Encavis is investing nearly €225m (£200m) and the project developer Solarcentury will also participate in the investment with 20%
German renewable energy developer Encavis has signed a 10-year power purchase agreement (PPA) with an international energy company to sell power generated from its 300MW solar plant near the Spanish city of Talayuela.
Encavis is implementing the solar plant in Spain through a long-term private sector power purchase agreement without any state feed-in-tariff.
Encavis will supply 4300GWh over the term of the contract
Under the PPA, Encavis has agreed to transmit a total quantity of 4300GWh of energy to its customer, which operates in more than 40 countries.
Encavis is investing nearly €225m (£200m) and the project developer Solarcentury will also participate in the investment with 20%. The project is being financed by a renowned consortium of banks.
The plant is expected to be connected to the grid towards the end of the third quarter of next year. It expects the solar plant to generate annual sales of around €25m from its first full year of operation. The company also expects the return on investment will be above the average yield of Encavis’ total portfolio.

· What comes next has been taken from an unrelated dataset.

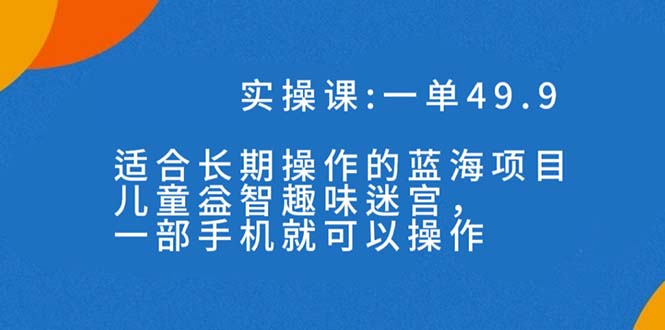 #原创                                                                                                 （7430期）一单49.9长期蓝海项目，儿童益智趣味迷宫，一部手机月入3000+（附素材）插图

Encavis CEO Dierk Paskert said: “The first long-term power purchase agreement (PPA) signed for a solar park without any support from feed-in tariffs is a milestone for Encavis with a clear signal effect for further contracts of this kind and supports our consistent growth strategy in this market segment.

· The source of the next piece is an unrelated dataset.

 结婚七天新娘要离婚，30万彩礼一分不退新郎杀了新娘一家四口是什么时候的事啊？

“The conclusion of this PPA and the launch of this park next year will take Encavis to a new level, just as it will stimulate the market for comparable contracts in many countries.”
Last month, the company had acquired a 30% minority stake in Stern Energy, which has been its long-term Operation and Management (O&M) partner. It acquired the stake to strengthen its technical solar services business.
Over the past year, Encavis has significantly expanded its portfolio, which now consists of a total of 175 solar parks and 69 wind parks in ten European countries with a total generation capacity of nearly 2GW.